Calling Holocaust denial “vile and wrong,” Corbyn said a pro-Palestinian activist he donated money to had not publicly denied the Holocaust at the time of their meeting 15 years ago. Regarding ties to Israeli Islamist Raed Salah, he said the sheikh had not espoused anti-Semitic views at the time of their meeting.

A turn to the far left

Corbyn won the Labor leadership Saturday by a clear majority of 59.5 percent, overwhelmingly beating out his three younger and more centrist opponents, and negating the need for a second round of voting.

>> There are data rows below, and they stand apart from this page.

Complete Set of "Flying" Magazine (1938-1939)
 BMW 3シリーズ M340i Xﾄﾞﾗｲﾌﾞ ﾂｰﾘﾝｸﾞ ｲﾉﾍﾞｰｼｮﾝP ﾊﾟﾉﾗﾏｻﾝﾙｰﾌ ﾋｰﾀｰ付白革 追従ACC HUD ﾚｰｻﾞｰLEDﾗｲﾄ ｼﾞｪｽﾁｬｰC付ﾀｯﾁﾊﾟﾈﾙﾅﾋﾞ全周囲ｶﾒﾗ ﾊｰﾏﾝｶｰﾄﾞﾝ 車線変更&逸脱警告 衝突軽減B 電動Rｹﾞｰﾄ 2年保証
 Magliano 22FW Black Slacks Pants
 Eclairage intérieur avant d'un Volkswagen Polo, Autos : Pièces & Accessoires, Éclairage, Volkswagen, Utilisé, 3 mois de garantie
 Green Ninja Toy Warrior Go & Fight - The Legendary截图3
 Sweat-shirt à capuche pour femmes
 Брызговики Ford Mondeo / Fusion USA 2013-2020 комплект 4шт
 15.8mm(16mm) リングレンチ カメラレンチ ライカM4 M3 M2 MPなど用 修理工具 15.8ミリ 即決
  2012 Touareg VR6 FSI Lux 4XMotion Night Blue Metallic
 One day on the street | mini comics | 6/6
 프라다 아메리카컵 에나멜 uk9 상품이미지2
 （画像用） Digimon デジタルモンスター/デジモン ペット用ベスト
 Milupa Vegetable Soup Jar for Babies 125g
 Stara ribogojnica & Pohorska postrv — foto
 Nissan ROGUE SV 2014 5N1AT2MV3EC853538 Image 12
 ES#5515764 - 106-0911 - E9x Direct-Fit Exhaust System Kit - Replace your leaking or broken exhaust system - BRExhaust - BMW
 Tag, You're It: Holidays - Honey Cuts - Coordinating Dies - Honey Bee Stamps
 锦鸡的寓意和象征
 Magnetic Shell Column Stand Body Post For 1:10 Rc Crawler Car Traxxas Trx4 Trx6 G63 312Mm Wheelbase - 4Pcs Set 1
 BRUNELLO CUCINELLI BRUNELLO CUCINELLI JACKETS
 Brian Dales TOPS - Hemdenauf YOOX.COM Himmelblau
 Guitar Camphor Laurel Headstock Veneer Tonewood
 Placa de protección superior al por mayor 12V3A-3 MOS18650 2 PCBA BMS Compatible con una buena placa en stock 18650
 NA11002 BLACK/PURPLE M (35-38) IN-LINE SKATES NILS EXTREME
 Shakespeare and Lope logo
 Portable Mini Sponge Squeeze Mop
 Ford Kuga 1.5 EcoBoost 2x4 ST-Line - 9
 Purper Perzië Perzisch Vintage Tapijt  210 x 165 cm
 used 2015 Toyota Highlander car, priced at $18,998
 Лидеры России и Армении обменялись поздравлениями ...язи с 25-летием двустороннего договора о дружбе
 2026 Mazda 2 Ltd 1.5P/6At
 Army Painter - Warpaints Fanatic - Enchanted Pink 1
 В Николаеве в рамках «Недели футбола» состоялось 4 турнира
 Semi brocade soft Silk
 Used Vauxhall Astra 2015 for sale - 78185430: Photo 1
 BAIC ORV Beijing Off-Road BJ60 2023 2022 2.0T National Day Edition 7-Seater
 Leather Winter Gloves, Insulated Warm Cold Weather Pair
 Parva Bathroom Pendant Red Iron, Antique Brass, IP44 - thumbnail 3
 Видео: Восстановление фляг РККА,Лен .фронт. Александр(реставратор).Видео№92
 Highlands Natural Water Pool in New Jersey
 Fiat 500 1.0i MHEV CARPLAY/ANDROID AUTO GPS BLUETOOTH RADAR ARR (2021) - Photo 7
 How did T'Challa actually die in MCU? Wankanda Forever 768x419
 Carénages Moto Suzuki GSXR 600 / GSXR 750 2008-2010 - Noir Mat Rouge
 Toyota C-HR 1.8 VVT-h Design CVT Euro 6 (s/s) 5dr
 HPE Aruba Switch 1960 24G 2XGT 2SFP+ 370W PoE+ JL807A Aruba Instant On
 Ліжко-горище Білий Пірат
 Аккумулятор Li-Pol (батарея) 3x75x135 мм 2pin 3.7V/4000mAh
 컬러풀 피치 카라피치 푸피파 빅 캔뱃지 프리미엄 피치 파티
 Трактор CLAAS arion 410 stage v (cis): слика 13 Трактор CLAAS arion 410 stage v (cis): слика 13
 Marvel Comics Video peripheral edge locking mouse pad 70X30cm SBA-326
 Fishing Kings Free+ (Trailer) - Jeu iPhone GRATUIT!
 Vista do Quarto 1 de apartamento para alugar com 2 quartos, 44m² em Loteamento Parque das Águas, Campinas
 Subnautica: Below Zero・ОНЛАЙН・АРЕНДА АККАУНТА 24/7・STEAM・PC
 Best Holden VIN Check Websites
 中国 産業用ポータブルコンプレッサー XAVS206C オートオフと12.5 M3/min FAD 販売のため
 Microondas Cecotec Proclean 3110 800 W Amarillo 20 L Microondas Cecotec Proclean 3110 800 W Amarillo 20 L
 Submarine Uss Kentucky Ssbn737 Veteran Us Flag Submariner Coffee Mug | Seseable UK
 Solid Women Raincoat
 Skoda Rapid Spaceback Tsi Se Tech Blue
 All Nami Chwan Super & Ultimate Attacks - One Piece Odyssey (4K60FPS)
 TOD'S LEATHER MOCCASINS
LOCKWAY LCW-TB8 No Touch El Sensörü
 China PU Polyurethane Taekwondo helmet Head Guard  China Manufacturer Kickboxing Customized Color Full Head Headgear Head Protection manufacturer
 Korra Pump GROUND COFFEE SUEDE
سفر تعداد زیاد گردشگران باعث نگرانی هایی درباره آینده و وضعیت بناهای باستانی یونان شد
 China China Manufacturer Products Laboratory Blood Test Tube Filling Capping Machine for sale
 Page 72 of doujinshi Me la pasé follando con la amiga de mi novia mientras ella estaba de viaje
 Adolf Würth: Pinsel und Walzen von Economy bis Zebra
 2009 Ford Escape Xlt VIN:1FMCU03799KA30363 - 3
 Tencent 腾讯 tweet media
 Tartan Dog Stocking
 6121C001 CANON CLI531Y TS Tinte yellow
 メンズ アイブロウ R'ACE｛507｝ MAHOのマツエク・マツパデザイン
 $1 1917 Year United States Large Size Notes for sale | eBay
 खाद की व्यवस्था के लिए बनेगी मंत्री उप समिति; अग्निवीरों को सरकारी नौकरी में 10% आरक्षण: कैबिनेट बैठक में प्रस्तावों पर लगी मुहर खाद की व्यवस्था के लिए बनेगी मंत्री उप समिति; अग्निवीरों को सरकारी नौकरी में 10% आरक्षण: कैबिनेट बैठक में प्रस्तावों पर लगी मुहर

“Yes we did!” chanted his supporters as the new leader took the stage at a special party conference in London.

In his victory speech, Corbyn called for a “decent and better society” and urged party unity. He hailed “our party and our movement, passionate, democratic, diverse, united and absolutely determined in our quest for a decent and better society that is possible for all.”

He also condemned “grotesque levels of inequality” and “an unfair welfare system” and called for the Conservative government to show more “compassion” in dealing with the Syrian refugee crisis, saying he would attend a demonstration planned in London later Saturday.

Corbyn said Labour was “united and absolutely determined in our quest for a decent and better society that is possible for all.”

When Ed Miliband resigned as Labour head following its catastrophic defeat in the May 7 general election, the loudest critics were allies of former prime minister Tony Blair, who blamed the party’s leftward turn and called for a return to Blair’s centrist platform.

Now, only four months later, Labour has elected its leftmost member: the British equivalent of Alexis Tsipras, Greece’s former prime minister and head of the radical left-wing Syriza.

An heir to Tony Benn and Michael Foot, Corbyn made a name for himself in the 1980s as a rebellious pacifist and now advocates the renationalization of the railways and energy sectors, the re-opening of coal mines and an immediate end to austerity.

Many within the party believe it will be impossible to win the 2020 general election from Corbyn’s leftist platform, with former leader Blair warning the party was on “the trajectory to becoming a pressure group.”

Some already predict the party will have a different leader by 2020.